Yeah see, he calls her “kind and generous and talented” but he’s been slagging her performance (and lack of chemistry) for like 25 years. So maybe I’m wrong and he doesn’t dislike her...but my gut tells me that he wouldn’t be saying that kind of thing if that was the case.
I don't think he hated on her as a person.....he just didn't gel with her on the show. He found he hard to play off of and couldn't stand working with her....heh.
"She was generous and gracious, and I am so mad at myself for retelling this story in any way that would diminish her," -
"I love her. She's a terrific girl. I love her," Alexander said of Swedberg. "I couldn't figure out how to play off her.
"Her instincts for doing a scene, where the comedy was, and mine were always misfiring," -
"If I had had more maturity or more security in my own work, I surely would have taken her query and possibly tried to adjust the scenes with her. She surely offered. But, I didn't have that maturity or security,"
He later admitted it worked out perfectly well that they didn't gel onscreen.....it made it more realistic and awkward which Larry and Jerry probably loved! lol.
Jerry was going to let Ramon, the pool guy who only wanted to be Jerry's friend, die just because he didn't want to give mouth to mouth resuscitation. The main characters were not good people by any metric. That was the joke, which the entire series was based upon.
I liked the Susan character. George was way out of her league. How they wrote her off the show was absurd.
Funny moment- Jerry and Newman both refusing to help. “He night die...” “Yeah. Maybe...”
Always thought Wayne Knight’s delivery there was spot on. Such a clutch performance. Thankfully Ramon didn’t die though or that would have been a lot more morbid.
great exchange with Elaine later when he’s explaining the story:
I don’t know how you can show your face there again.
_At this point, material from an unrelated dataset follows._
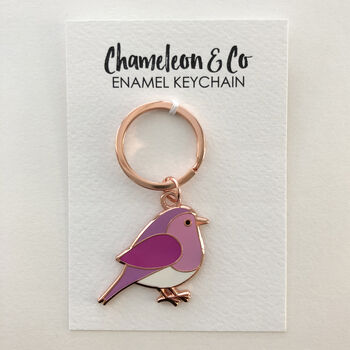 Pink Bird Keyring, 2 of 2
Oh I can’t. I’m banned for life. Newman too. We can’t go anywhere near there.
It was absurd, particularly because there were many ways to write her off. They had the opportunity with the Cary Elwes/Debra Messing episode.
“You could have done a lot better than him.”
It was a gamble. The Newman episodes were great. Such a complex individual. The actor playing Ramon was also very funny.
Many options. You could have had Letterman, or another media celebrity, become a central character for an episode and charm Susan away from George.
It’s a really sickening ending but also hilarious and very human.
Death of friend as a solution to a petty issue reminds me of David Lynch. (And the Clintons)
Also the actor Jason Alexander hated Susan on a personal level and wanted her off the show.
GOAT show.
One of the best measures of whether or not I will like someone is the basic proposition "Seinfeld or Friends".
lol you make a compelling case. Alright he didn't hate her. I guess.